Please give the number of lines in the material below that contain "Chapter", without further comment.

[Start of Attachment]

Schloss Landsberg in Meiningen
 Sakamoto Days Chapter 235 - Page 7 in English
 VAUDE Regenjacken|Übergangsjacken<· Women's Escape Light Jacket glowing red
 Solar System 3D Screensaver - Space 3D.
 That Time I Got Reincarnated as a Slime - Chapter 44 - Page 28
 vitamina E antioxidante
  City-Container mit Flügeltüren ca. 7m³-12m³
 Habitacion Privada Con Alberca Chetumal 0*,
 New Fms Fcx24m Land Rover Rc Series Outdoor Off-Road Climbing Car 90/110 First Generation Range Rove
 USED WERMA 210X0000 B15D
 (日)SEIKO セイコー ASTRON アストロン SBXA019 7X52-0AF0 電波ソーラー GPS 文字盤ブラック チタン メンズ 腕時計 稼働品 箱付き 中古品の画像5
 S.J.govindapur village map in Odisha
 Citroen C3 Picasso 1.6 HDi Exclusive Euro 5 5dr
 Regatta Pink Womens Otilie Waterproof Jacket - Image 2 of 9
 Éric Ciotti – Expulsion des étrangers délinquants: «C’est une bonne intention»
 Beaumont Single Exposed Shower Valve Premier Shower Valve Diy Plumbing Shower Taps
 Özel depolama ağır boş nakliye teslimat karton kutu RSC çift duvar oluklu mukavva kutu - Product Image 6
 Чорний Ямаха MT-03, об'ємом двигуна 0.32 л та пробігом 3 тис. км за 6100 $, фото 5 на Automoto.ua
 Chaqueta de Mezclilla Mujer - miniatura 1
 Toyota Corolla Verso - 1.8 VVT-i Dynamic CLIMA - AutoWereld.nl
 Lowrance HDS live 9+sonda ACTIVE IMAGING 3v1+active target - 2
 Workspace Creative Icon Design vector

[End of Attachment]

= REPLY TO THE EXERCISE =
2